Am 27. Oktober machen Tanzwut mit ihrer „Achtung-Mensch!“-Tour Station in München. Der Support Florian Grey aus Hamburg sorgt in den ersten vierzig Minuten für gute Stimmung. Sänger und Bandgründer Florian Grey steigt von der Bühne und singt einige Songs, während er sich unter das Publikum mischt. Mit einem anderen Konzertbesucher spekuliere ich darüber, ob der Künstlername des Sängers eine Anspielung auf Oscar Wildes Roman The Picture of Dorian Gray ist.
Text und Fotos: Judith Fischer
In der Umbaupause versorgen wir uns mit Getränken und harren der Dinge, die da kommen sollen. Gegen 21 Uhr erlischt das Licht im Saal. Zuerst treten die beiden Dudelsäcke und das Tamtam in Aktion, die E-Gitarren gesellen sich dazu und ganz zum Schluss betritt „Teufel“ Mike Paulenz die Bühne und führt durch eine stimmige Mischung aus altbekannten Songs und zehn Stücken aus dem aktuellen Album Achtung Mensch.
Das Publikum im gut besuchten Backstage geht gleich bei der Eröffnung des Sets durch „Neues Spiel, neues Glück“ mit. Was folgt ist ein Wechselbad der Gefühle. Ob mit dem Titelsong „Achtung Mensch!“ ein einzelner Mensch oder unsere ganze Gattung gemeint ist, die außer Kontrolle geraten ist und sich selbst zu zerstören droht, sei einmal dahingestellt. Die sarkastische Sicht auf das Zeitgeschehen und den Zeitgeist drückt sich auch in Stücken wie „Narziss“ und „Leichen im Keller“ aus. Bei „Loch in der Mauer“ wird Aufbruchsstimmung und Lebensmut trotz aller widrigen Umstände spürbar.

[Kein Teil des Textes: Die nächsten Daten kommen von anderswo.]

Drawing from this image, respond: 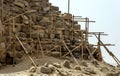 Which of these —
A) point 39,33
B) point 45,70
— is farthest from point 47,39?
point 45,70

Für Auflockerung sorgen witzige Anekdoten, wenn der Teufel ins Plaudern gerät. Da ist zum Beispiel die Geschichte, wie er beim Ritterturnier in Kaltenberg unwissentlich dem Schlossherrn Luitpold Prinz von Bayern seinen Hammer in die Hand drückte und dieser auch selbstverständlich mit anpackte. Nach dem Abschluss der Tour am 23. November in Zwickau wird das Tanzwut Marionettentheater „Theatrum Diaboli“ wieder auf dem Kaltenberger Weihnachtsmarkt und anderen Märkten mit Puppenspiel, Märchen und Musik unterwegs sein.
Persönliche Einblicke gewährt der Song „François Villon“. Die Begegnung mit dem Leben und Schaffen des wohl bedeutendsten französischen Dichters des Spätmittelalters hat den Teufel laut eigener Aussage zu dem gemacht, was er heute ist. Eindrucksvoll umgesetzt wird dies in der Show durch eine schemenhafte schwarze Figur mit Zweispitz und Bandoneon, die während des Stücks immer wieder auf der Bühne auftaucht.
Der kehlige Gesang des Teufels ergibt mit den Klängen der Sackpfeifen, Schalmeien, E-Gitarren und treibenden, tanzbaren Beats eine Mischung, die den Saal immer wieder zum Brodeln bringt. Lichtshow und fantasievolle Kostüme mit Vogelmasken tun ihr Übriges. Auch an beinahe nostalgischen Momenten mit einer Art rauen Sentimentalität fehlt es nicht bei Songs wie „Zauberland“ und „Wir sehen uns wieder“.
Nur widerwillig wird die Band nach mehreren Zugaben in den Feierabend entlassen, nachdem sie am Merchandisingstand noch für Fotos und Autogramme zur Verfügung gestanden hat.